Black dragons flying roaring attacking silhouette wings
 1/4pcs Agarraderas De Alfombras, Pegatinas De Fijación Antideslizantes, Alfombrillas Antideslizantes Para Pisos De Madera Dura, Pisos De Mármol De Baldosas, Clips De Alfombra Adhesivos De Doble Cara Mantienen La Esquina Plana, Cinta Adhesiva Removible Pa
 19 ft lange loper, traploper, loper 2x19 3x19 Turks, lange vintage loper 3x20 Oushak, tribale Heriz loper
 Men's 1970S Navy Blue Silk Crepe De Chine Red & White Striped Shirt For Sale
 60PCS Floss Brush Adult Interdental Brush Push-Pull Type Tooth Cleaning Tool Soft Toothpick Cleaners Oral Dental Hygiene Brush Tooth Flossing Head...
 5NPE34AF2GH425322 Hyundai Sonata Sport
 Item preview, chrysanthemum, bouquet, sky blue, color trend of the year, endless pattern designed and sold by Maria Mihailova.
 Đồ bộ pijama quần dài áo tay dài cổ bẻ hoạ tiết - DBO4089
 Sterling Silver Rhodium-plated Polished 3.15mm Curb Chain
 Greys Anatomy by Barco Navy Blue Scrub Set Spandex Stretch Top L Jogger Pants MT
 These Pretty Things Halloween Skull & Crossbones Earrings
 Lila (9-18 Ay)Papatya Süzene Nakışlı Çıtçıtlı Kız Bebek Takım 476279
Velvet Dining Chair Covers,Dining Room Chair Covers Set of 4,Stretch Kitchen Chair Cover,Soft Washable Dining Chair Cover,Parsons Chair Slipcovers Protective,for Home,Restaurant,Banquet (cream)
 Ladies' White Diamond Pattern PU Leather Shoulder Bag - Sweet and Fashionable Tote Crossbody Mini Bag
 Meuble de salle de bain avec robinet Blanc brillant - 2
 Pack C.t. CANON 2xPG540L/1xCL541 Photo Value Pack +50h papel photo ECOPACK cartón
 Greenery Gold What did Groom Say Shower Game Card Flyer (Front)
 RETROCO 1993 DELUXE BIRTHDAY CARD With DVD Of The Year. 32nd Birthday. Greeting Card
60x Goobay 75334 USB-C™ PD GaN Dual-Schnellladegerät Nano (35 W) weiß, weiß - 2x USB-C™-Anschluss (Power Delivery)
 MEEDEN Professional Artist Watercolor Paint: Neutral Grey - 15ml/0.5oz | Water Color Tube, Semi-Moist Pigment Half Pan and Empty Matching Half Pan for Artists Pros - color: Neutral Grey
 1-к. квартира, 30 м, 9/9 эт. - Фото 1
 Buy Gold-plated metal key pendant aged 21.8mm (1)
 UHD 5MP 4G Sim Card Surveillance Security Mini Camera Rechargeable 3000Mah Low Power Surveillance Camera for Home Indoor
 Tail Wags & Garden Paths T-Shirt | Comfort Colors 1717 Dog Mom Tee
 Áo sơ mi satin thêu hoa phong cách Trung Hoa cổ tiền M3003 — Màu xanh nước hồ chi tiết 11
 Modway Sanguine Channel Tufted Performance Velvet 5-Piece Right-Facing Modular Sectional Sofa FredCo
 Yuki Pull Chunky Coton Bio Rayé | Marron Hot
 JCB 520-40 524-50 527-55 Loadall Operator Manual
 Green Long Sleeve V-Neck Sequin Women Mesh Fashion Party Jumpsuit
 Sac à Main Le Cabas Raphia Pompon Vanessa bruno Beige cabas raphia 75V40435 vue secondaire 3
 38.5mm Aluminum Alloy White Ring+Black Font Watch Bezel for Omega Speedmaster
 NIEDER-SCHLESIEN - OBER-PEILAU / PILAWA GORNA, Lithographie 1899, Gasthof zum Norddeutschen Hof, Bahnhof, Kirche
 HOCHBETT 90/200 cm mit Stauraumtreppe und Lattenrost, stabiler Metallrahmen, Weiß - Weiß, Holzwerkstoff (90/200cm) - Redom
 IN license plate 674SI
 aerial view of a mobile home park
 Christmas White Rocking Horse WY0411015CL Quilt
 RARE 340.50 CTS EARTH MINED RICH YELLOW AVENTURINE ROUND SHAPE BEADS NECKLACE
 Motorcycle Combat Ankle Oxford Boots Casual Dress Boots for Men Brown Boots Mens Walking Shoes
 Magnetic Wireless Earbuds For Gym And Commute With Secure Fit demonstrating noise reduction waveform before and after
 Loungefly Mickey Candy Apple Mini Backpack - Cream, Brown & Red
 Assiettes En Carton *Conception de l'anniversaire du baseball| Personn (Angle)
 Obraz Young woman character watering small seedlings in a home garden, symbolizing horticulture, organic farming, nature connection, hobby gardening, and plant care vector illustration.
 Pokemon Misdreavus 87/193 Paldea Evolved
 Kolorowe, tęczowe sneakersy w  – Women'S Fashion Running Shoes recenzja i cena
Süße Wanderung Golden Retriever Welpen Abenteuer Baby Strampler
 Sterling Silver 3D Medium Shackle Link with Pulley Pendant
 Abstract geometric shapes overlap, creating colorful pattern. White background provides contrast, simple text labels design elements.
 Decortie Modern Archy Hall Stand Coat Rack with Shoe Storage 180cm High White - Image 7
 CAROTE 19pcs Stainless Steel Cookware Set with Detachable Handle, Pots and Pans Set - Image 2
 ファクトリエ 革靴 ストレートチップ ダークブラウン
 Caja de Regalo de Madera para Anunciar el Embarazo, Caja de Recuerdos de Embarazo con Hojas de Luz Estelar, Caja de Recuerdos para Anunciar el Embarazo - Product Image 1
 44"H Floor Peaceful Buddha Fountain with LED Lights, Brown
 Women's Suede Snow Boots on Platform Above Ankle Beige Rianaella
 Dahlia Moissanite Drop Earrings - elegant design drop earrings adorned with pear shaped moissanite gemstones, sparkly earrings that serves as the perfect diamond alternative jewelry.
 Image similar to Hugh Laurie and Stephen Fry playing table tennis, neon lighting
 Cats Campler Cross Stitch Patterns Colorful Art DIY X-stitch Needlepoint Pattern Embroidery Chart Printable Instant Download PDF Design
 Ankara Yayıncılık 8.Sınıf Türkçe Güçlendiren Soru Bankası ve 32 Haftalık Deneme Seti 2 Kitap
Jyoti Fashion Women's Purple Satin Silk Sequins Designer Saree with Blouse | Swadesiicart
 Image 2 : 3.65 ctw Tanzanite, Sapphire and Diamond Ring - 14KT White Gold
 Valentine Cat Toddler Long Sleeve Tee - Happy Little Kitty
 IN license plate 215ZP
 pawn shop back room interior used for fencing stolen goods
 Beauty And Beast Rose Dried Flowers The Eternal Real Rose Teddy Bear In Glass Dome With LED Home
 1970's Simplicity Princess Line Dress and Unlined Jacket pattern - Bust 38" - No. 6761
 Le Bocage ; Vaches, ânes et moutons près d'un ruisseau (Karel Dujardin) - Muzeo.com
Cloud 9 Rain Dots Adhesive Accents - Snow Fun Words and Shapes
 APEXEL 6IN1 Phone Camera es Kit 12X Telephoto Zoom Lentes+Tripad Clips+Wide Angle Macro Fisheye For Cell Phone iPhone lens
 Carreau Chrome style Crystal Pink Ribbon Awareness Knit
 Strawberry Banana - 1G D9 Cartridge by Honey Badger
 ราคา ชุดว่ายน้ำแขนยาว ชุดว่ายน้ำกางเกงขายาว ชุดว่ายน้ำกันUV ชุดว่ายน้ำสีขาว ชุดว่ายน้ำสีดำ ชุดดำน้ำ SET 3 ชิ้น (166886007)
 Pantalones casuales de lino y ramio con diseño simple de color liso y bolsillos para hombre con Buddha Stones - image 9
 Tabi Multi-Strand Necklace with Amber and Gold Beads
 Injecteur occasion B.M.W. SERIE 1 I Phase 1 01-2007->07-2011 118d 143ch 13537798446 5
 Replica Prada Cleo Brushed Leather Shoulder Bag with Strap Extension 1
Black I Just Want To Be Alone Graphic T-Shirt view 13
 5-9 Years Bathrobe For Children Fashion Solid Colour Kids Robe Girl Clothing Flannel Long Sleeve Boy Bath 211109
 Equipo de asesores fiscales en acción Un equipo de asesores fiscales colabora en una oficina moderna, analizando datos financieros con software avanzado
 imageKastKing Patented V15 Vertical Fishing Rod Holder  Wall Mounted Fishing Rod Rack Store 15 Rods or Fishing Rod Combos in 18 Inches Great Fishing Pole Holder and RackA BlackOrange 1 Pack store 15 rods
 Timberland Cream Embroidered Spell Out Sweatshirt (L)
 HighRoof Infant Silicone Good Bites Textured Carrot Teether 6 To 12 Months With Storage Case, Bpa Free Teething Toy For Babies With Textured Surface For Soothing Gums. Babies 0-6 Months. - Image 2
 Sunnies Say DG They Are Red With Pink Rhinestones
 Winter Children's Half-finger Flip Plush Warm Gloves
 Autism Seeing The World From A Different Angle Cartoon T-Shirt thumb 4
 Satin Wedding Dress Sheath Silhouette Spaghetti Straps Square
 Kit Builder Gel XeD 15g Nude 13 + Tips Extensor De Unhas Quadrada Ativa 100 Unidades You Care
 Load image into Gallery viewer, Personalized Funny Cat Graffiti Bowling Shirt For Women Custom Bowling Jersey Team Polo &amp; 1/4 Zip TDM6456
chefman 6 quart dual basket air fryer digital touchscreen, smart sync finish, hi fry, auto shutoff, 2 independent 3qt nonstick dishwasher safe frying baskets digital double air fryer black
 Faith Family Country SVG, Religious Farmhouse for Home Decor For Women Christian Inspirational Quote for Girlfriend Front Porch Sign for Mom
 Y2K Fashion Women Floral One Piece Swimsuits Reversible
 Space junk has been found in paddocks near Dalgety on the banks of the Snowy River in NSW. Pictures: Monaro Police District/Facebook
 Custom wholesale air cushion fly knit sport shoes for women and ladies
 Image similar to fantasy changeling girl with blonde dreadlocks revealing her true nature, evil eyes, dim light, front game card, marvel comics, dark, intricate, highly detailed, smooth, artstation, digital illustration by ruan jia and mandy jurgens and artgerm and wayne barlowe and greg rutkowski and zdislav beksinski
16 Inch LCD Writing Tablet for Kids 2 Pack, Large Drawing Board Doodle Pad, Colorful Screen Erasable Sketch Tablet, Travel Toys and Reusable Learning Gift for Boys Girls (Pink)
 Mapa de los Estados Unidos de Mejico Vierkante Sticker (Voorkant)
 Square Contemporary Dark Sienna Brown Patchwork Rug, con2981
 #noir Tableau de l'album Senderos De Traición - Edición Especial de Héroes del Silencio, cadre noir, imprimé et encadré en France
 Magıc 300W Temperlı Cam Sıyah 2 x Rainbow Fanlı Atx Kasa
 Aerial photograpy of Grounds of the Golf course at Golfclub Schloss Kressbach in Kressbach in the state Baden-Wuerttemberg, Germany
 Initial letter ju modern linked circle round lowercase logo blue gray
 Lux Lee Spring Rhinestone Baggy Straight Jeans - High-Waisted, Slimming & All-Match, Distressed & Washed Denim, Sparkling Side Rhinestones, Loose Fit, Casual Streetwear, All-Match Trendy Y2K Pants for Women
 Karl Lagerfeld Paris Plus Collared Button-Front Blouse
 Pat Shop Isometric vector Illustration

=-=-=-=-=

** WHAT TO PRODUCE **
Write out exactly the lines that fall from the line with "aerial view of a mobile home park" to the line with "Women's Suede Snow" in the records above, keeping both ends.

** FINISHED EXERCISE **
 aerial view of a mobile home park
 Christmas White Rocking Horse WY0411015CL Quilt
 RARE 340.50 CTS EARTH MINED RICH YELLOW AVENTURINE ROUND SHAPE BEADS NECKLACE
 Motorcycle Combat Ankle Oxford Boots Casual Dress Boots for Men Brown Boots Mens Walking Shoes
 Magnetic Wireless Earbuds For Gym And Commute With Secure Fit demonstrating noise reduction waveform before and after
 Loungefly Mickey Candy Apple Mini Backpack - Cream, Brown & Red
 Assiettes En Carton *Conception de l'anniversaire du baseball| Personn (Angle)
 Obraz Young woman character watering small seedlings in a home garden, symbolizing horticulture, organic farming, nature connection, hobby gardening, and plant care vector illustration.
 Pokemon Misdreavus 87/193 Paldea Evolved
 Kolorowe, tęczowe sneakersy w  – Women'S Fashion Running Shoes recenzja i cena
Süße Wanderung Golden Retriever Welpen Abenteuer Baby Strampler
 Sterling Silver 3D Medium Shackle Link with Pulley Pendant
 Abstract geometric shapes overlap, creating colorful pattern. White background provides contrast, simple text labels design elements.
 Decortie Modern Archy Hall Stand Coat Rack with Shoe Storage 180cm High White - Image 7
 CAROTE 19pcs Stainless Steel Cookware Set with Detachable Handle, Pots and Pans Set - Image 2
 ファクトリエ 革靴 ストレートチップ ダークブラウン
 Caja de Regalo de Madera para Anunciar el Embarazo, Caja de Recuerdos de Embarazo con Hojas de Luz Estelar, Caja de Recuerdos para Anunciar el Embarazo - Product Image 1
 44"H Floor Peaceful Buddha Fountain with LED Lights, Brown
 Women's Suede Snow Boots on Platform Above Ankle Beige Rianaella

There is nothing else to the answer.